Get back to basics


Understanding basic gardening principles will not only make you a better gardener, having the knowledge will allow you to enjoy gardening.


You are more likely to be successful in your horticultural efforts!

Planting and tending a garden is easier if you adhere to a few general guidelines.

Your goal is to keep plants healthy and productive while protecting the environment. When designing your landscape or garden, keep these gardening basics in mind:


Check sites for good drainage before planting. Poor drainage robs the soil of oxygen and discourages beneficial soil-dwelling organisms. Avoid low-lying and heavily compacted areas. Know whether a site receives full or partial sun or if it is shady.

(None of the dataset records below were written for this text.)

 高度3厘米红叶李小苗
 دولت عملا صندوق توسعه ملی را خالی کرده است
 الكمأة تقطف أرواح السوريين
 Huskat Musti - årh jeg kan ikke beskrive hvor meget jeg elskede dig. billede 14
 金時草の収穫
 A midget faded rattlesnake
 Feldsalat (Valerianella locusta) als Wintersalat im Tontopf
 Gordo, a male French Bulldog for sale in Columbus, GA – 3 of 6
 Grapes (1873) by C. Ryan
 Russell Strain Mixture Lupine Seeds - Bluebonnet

Check for wind and/or salt spray. Consider the average expected rainfall. Select plants that tolerate your garden’s soil and environmental conditions. Whether native or well adapted, these plants are more likely to thrive.

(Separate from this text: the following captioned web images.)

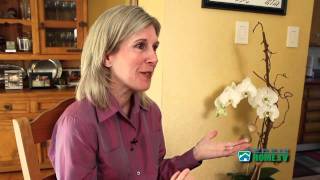 Meet Liz McCarthy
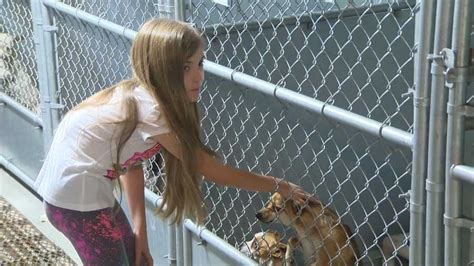 City of stockton animal shelter, stockton, california. Instead of birthday presents, girl gives to Stockton ...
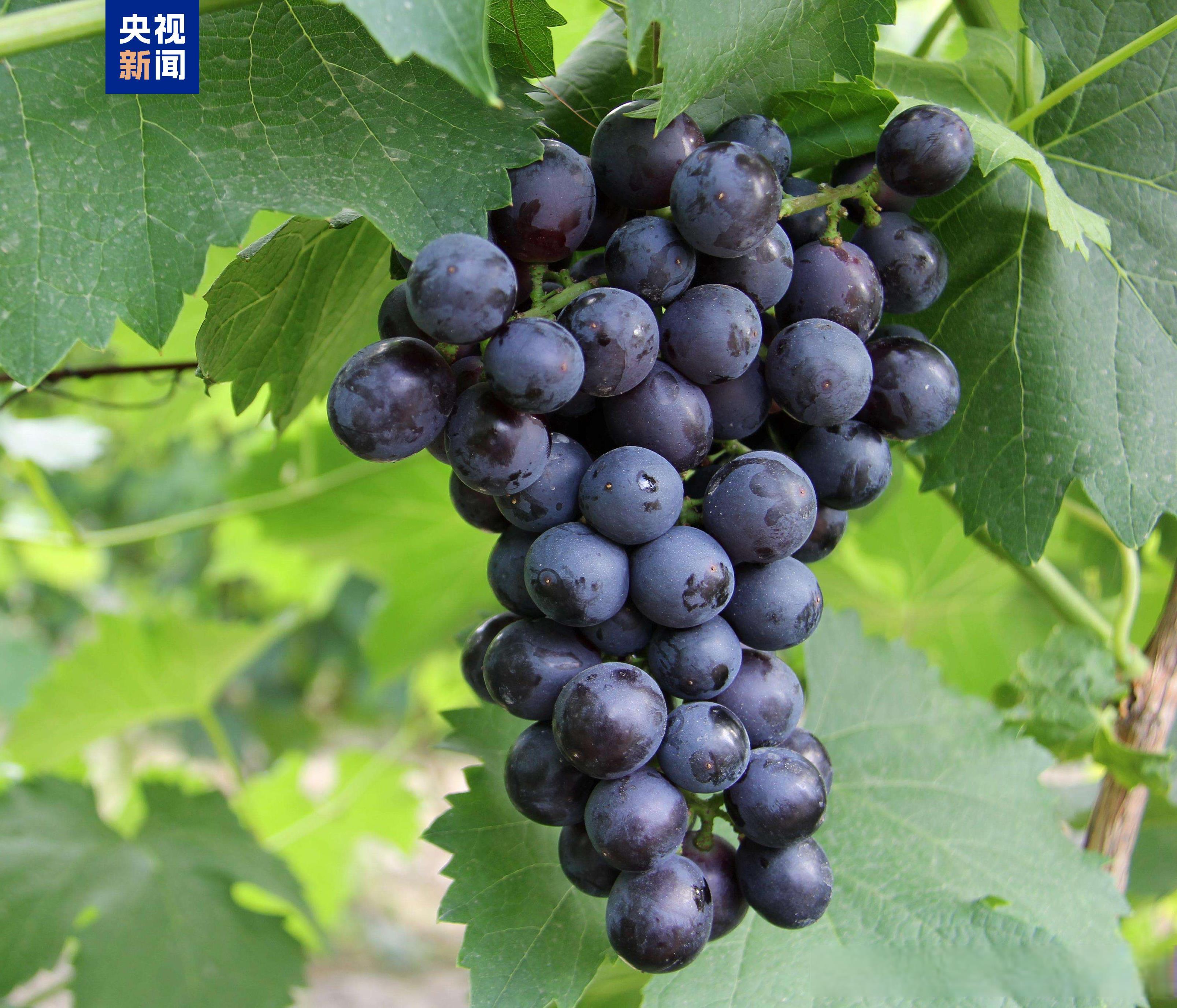 中国龙再添新形象、千年王冠重现……7项科技考古与文化遗产保护成果发布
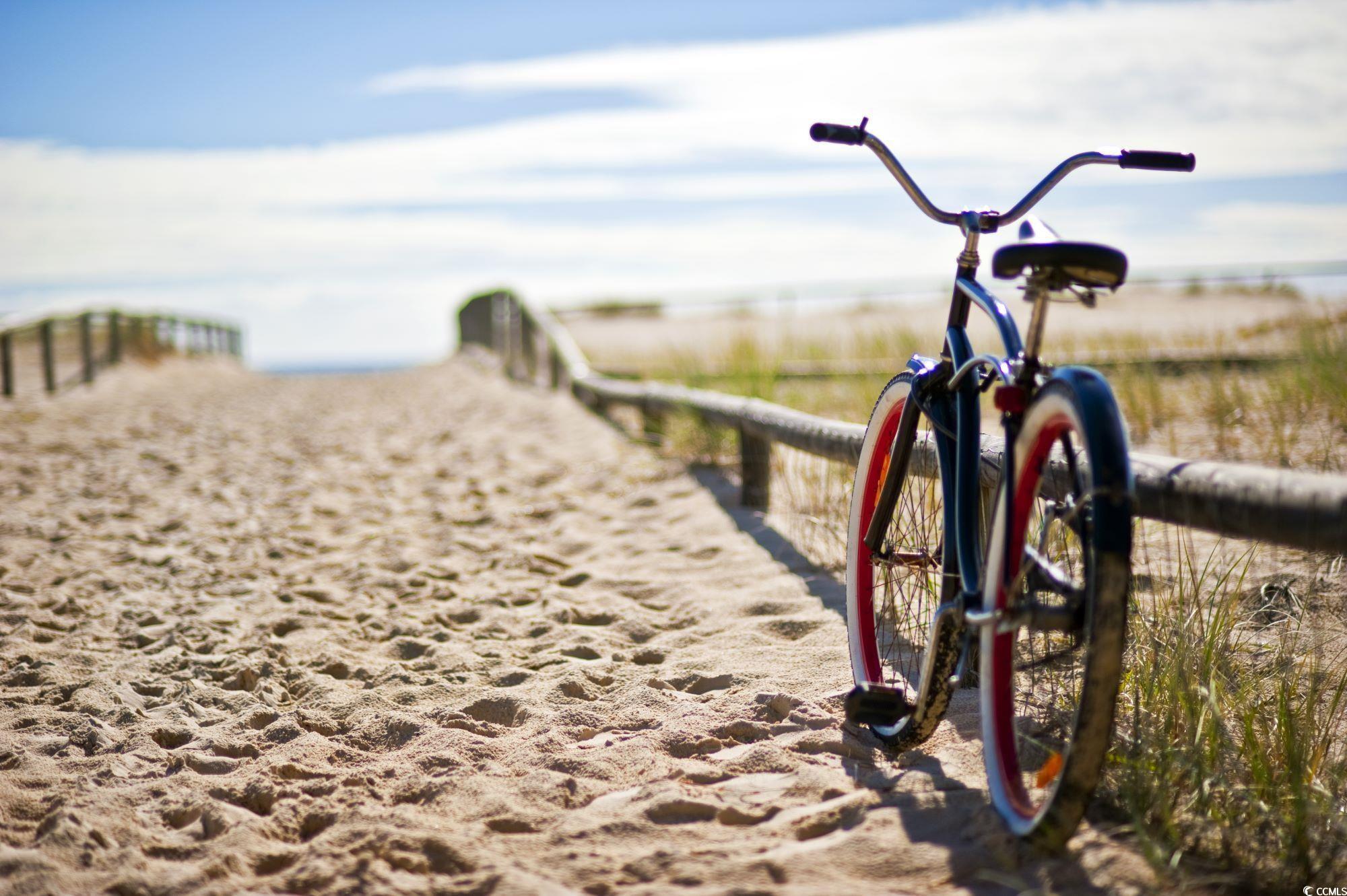 Photo #28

A soil pH of 7 is neutral. A reading below 7 is acidic and above 7 is alkaline. If the pH is extreme in either direction, key nutrients may not be available to plants. In North Central Texas, soils are often alkaline. Plants have specific tolerances for either alkaline or acidic conditions. Area water supplies will also be acidic or alkaline, further affecting plant growth and development.


The best soil is dark, porous and rich in nutrients and beneficial organisms. Most dirt will require amendments to fully support plant life. Vegetable gardens will benefit from tilling between crop plantings to incorporate organic matter. Adding matter such as compost will improve drainage and nutrient content.

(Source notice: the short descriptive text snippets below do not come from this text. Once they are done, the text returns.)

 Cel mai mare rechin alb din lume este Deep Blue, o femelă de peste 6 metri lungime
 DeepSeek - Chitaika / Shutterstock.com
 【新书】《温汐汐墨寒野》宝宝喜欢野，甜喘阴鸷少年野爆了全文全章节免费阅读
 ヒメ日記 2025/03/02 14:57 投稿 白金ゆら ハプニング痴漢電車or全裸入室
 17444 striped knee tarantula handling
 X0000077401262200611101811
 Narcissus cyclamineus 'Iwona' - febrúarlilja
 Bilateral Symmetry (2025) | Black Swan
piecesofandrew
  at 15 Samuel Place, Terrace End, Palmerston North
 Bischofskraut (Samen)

A diverse landscape, which incorporates many plant types mingling together as in nature, will attract pollinators and beneficial species that prey on pests. Diverse landscapes are less susceptible to disease. A good design will have four-season interest and include flowers for fragrance and color, grasses for texture and motion, trees for shade and plants for nectar and seed production. Use a mix of trees, shrubs, flowers, vines and groundcovers to create a layered, natural-looking landscape.


Use plants that are native to the region and conditions where they will be planted. Native plants, which attract and support wildlife, are often best suited to difficult sites, such drought-prone regions. They are naturally adapted to area soils. Natives also give a garden a sense of place since they harmonize well with the area’s natural spaces. Most natives require very well drained soils.


Select plants that are heat/drought tolerant and disease resistant. Depending upon your site conditions, you may also need to consider salt tolerance or deer resistance. In areas prone to wildfires, incorporate fire resistant and fire retardant plants into your landscape plan. Pay attention to labels and seed packets that bear codes noting that the plants have an inbred resistance to certain serious problems, such as tomatoes that are bred to be resistant to mosaic virus.


Members of the same plant family, such as tomatoes and peppers, are often susceptible to the same pests and diseases. Plant these crops in different locations in your garden to prevent a buildup of pest and disease organisms. Plan to rotate the same or related crops between sites at least every two years.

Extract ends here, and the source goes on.